An exact copy is needed of the lines in the entries below from the line with "Levi's® 女用標誌完美 T 卹" up to and including the line with "Wit babyjurkje met", and of nothing else. Leave the pictures out.

** EXCERPTED DATA follows **

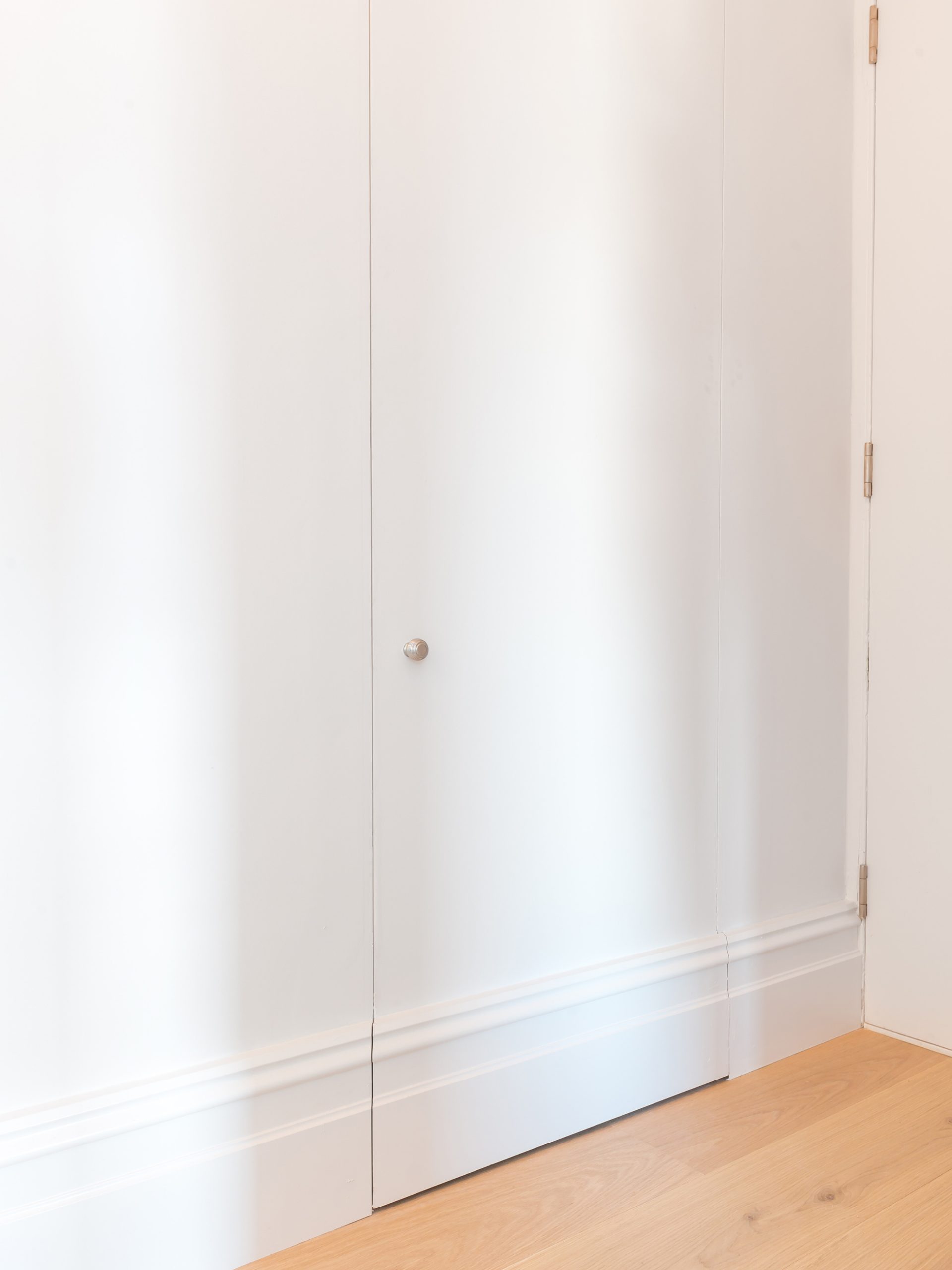 Bloomsbury Apartment - Hallway - Pivot door to cloaks cupboard - Closed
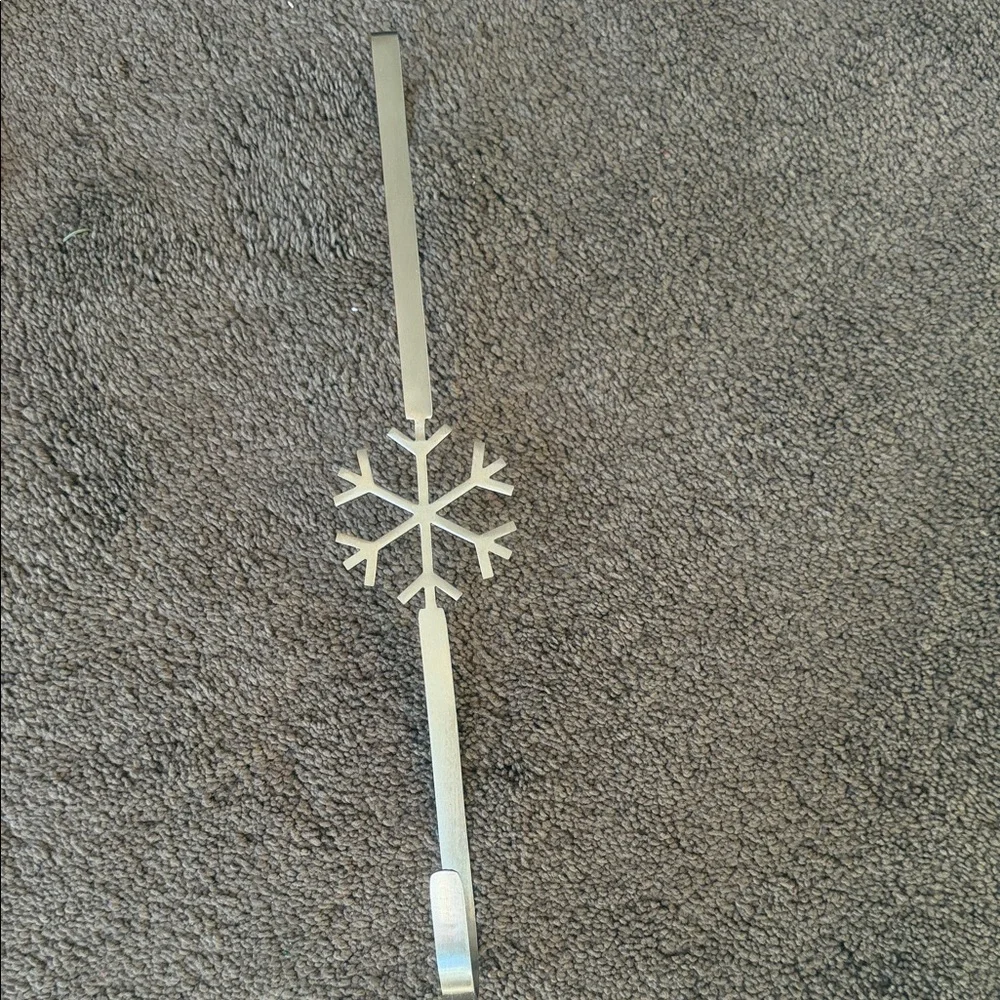 Silver Snowflake Door Hanger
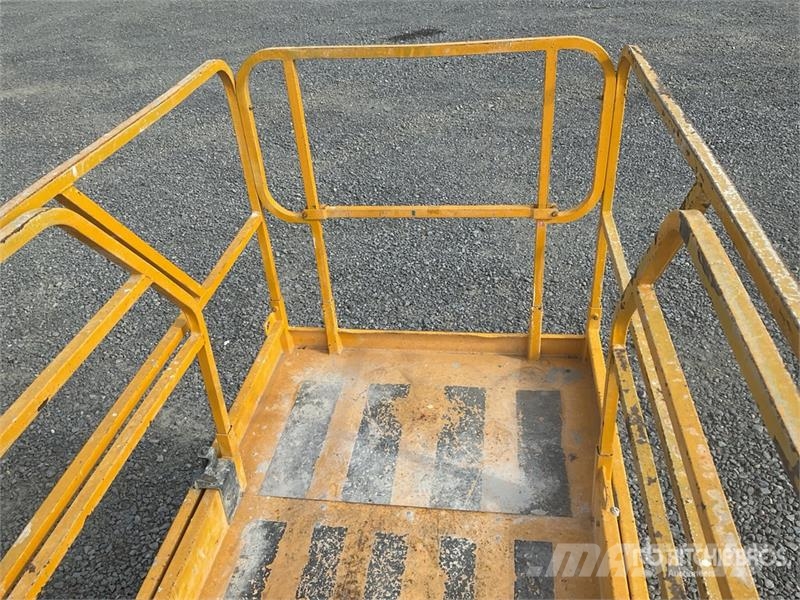 Haulotte COMPACT 12 Electric Scissor Lift Ножничные подъемники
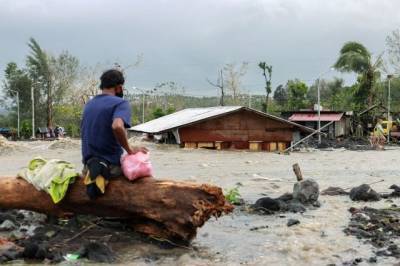 10 человек погибли из-за тайфуна на Филиппинах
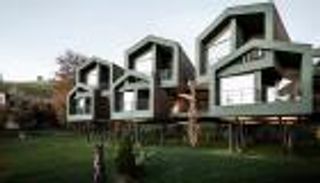 أجنحة فندقية على أقدام.. صور أول فندق إيطالي صديق للعشب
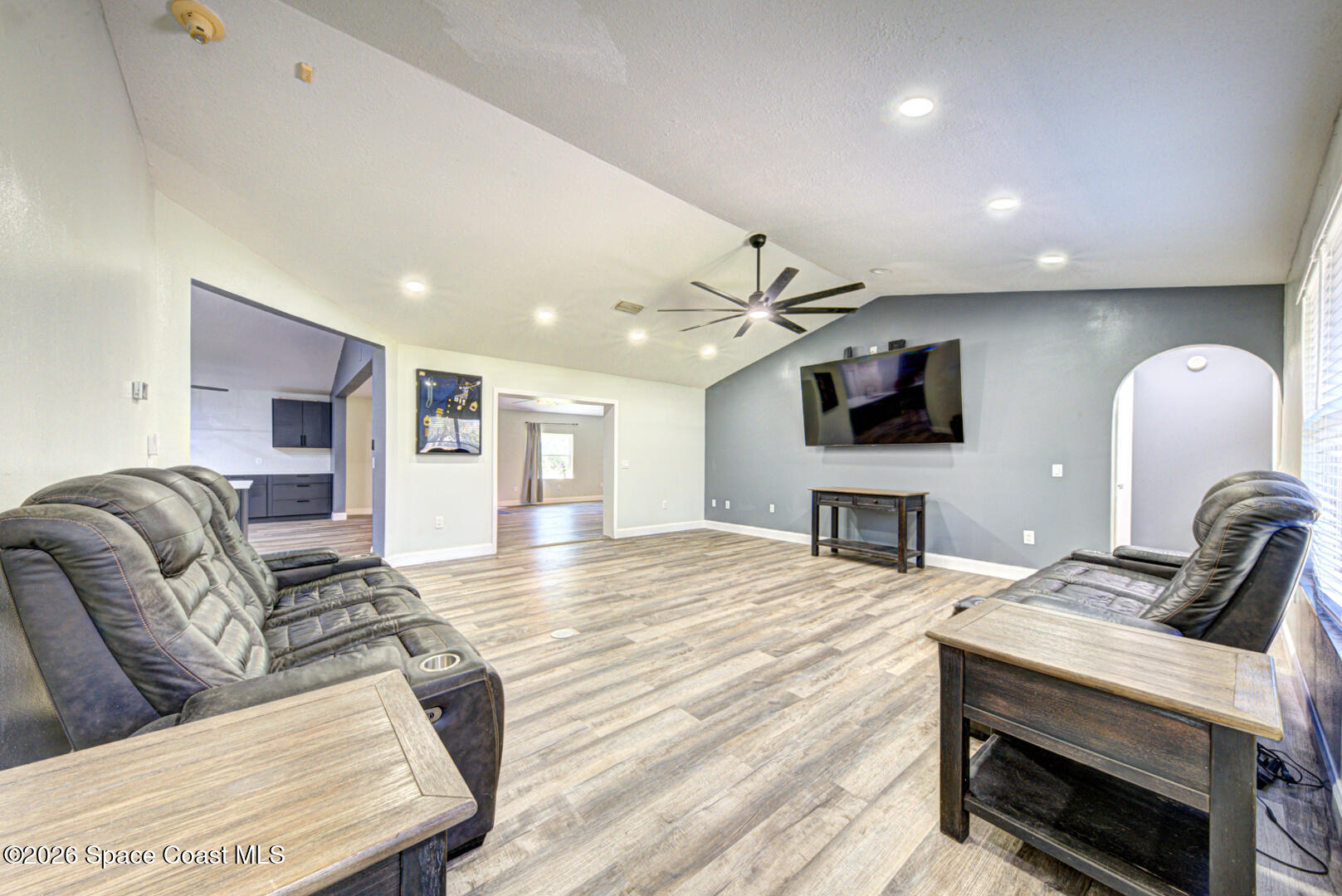 5321 Banana Avenue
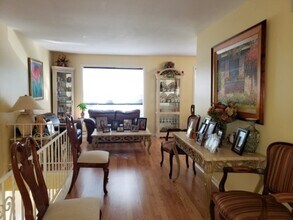 90 Gillespie Rd in Bloomfield, NJ - Building Photo - Building Photo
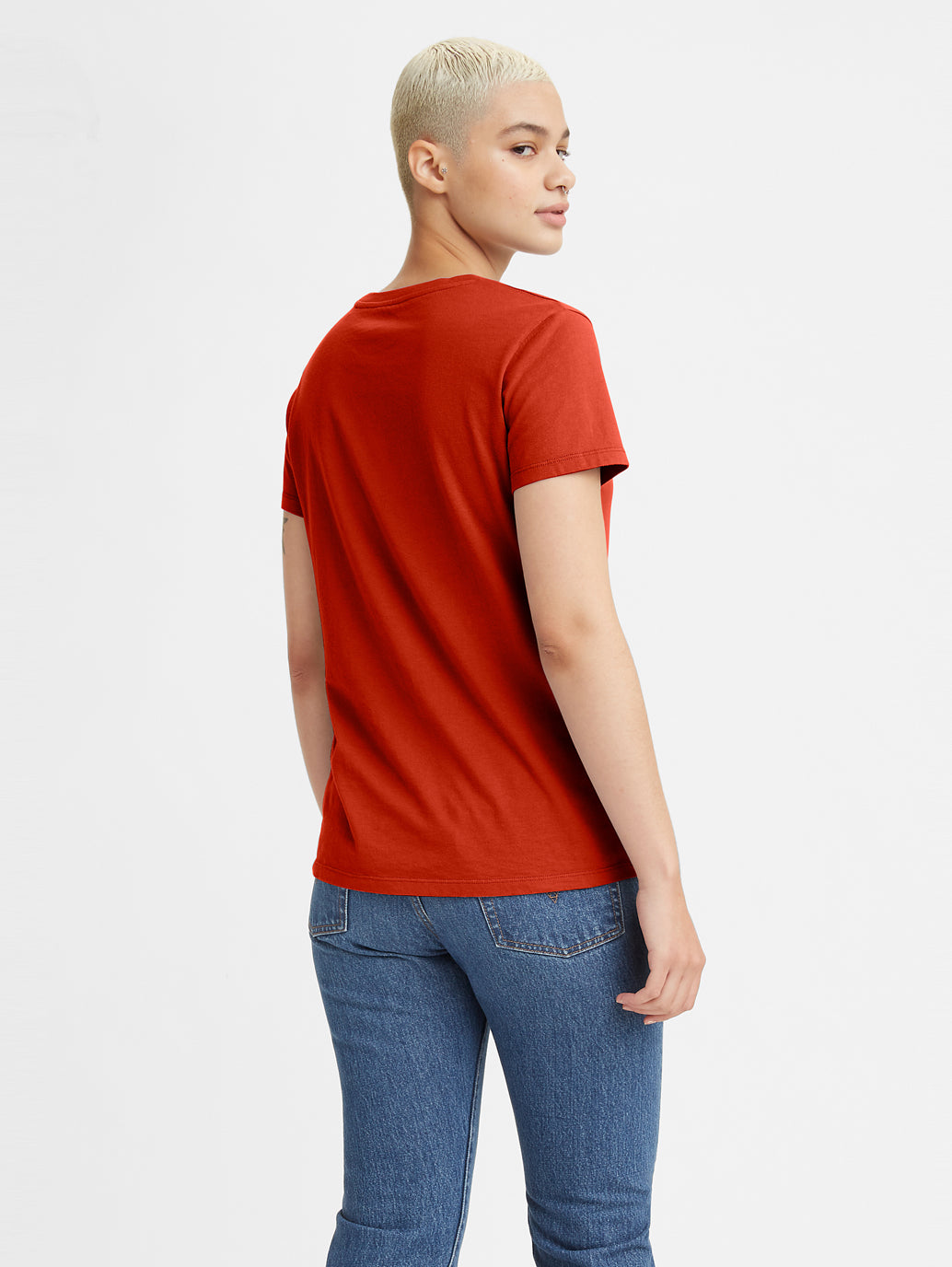 Levi's® 女用標誌完美 T 卹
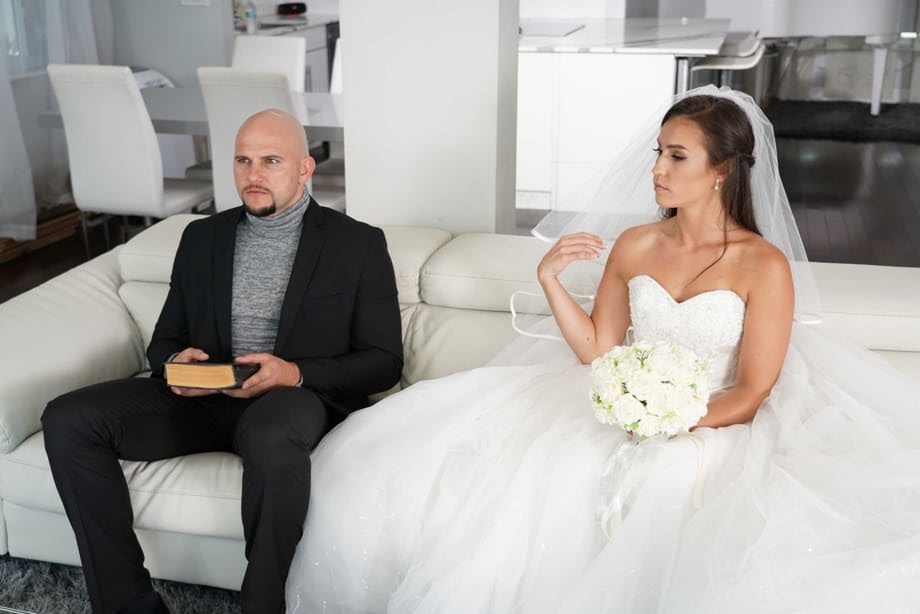 Jmac A e l'vogliosa Kelsi Monroe si scatenano nella cappella il giorno del suo matrimonio - 2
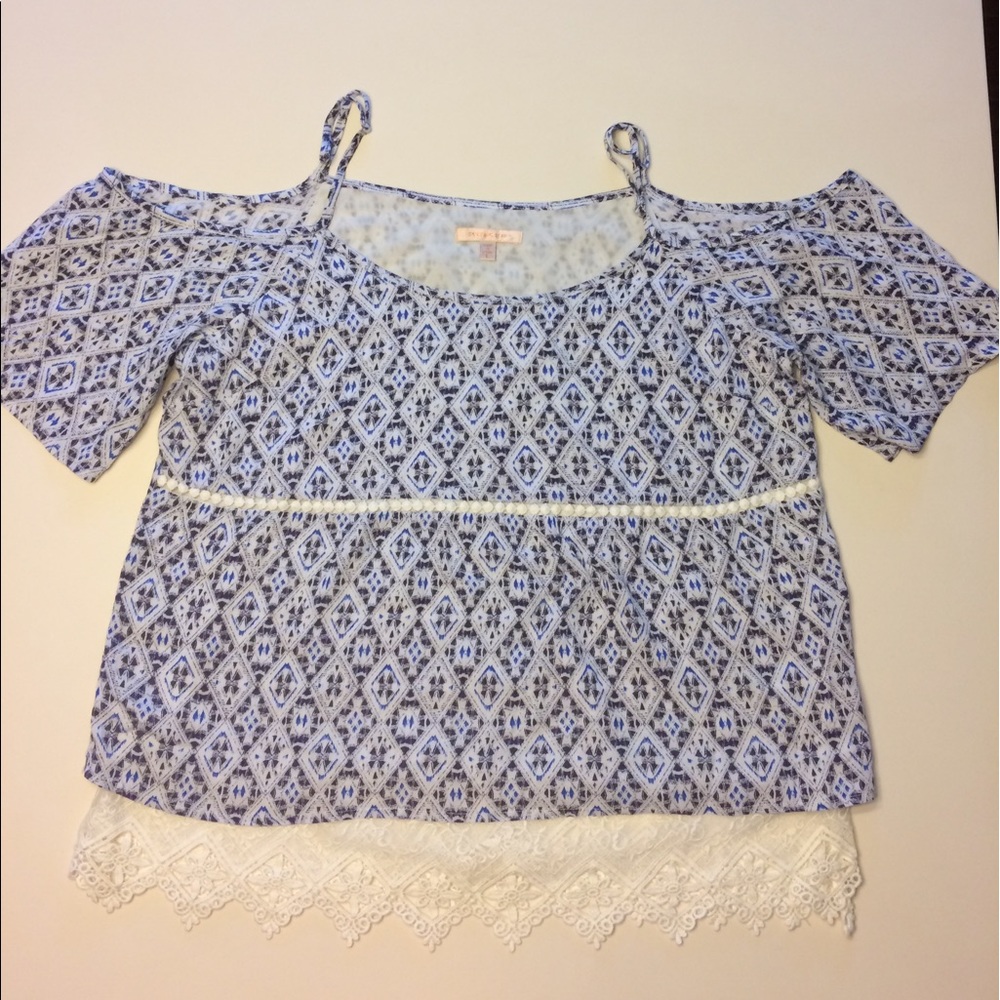 Skies are blue "Langlock Cold Shoulder Top"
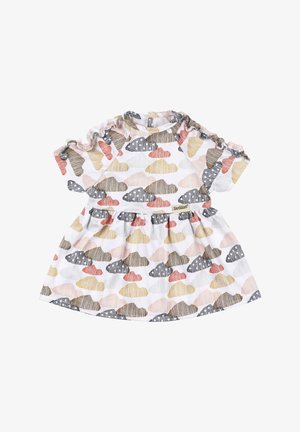 Wit babyjurkje met korte mouwen en veelkleurige wolkenpatronen met een geplooide taille, voorzien van een klein "Skrållan" label.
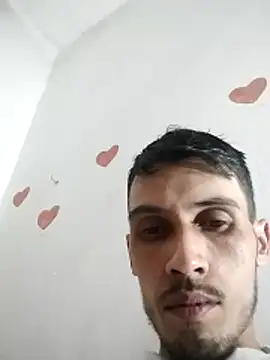 Snapshot of lucho228 chatting on 11/19/25, 03:39 lucho228 online show from 11/19/25, 03:39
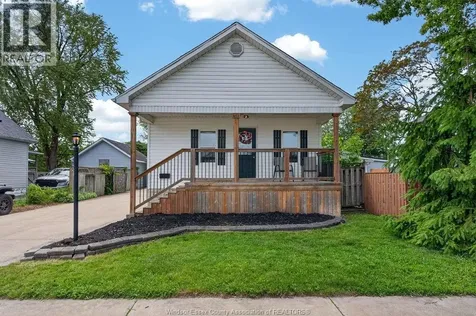 851 Ellrose Avenue Windsor ON N8Y 3W6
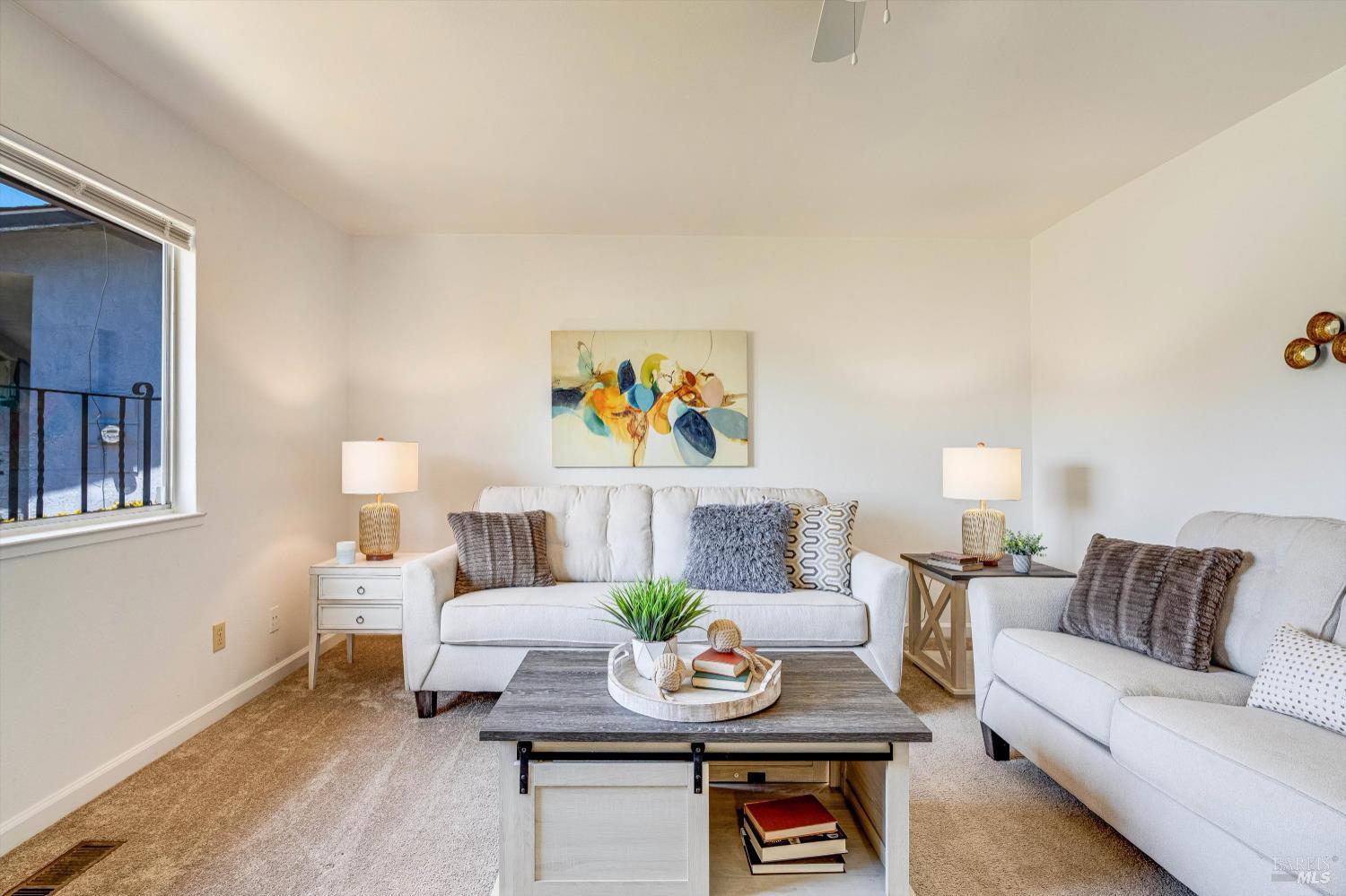 Detail Gallery Image 8 of 57 For 207 May Ct, Sebastopol,  CA 95472 - 4 Beds | 2 Baths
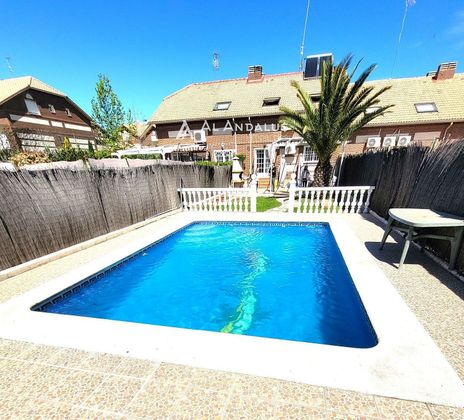 Foto 1 de Casa adossada en venda a Seseña Nuevo de 3 habitacions amb piscina i garatge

** End of EXCERPTED DATA **

-- RESULT FOR THIS EXERCISE --
 Levi's® 女用標誌完美 T 卹
 Jmac A e l'vogliosa Kelsi Monroe si scatenano nella cappella il giorno del suo matrimonio - 2
 Skies are blue "Langlock Cold Shoulder Top"
 Wit babyjurkje met korte mouwen en veelkleurige wolkenpatronen met een geplooide taille, voorzien van een klein "Skrållan" label.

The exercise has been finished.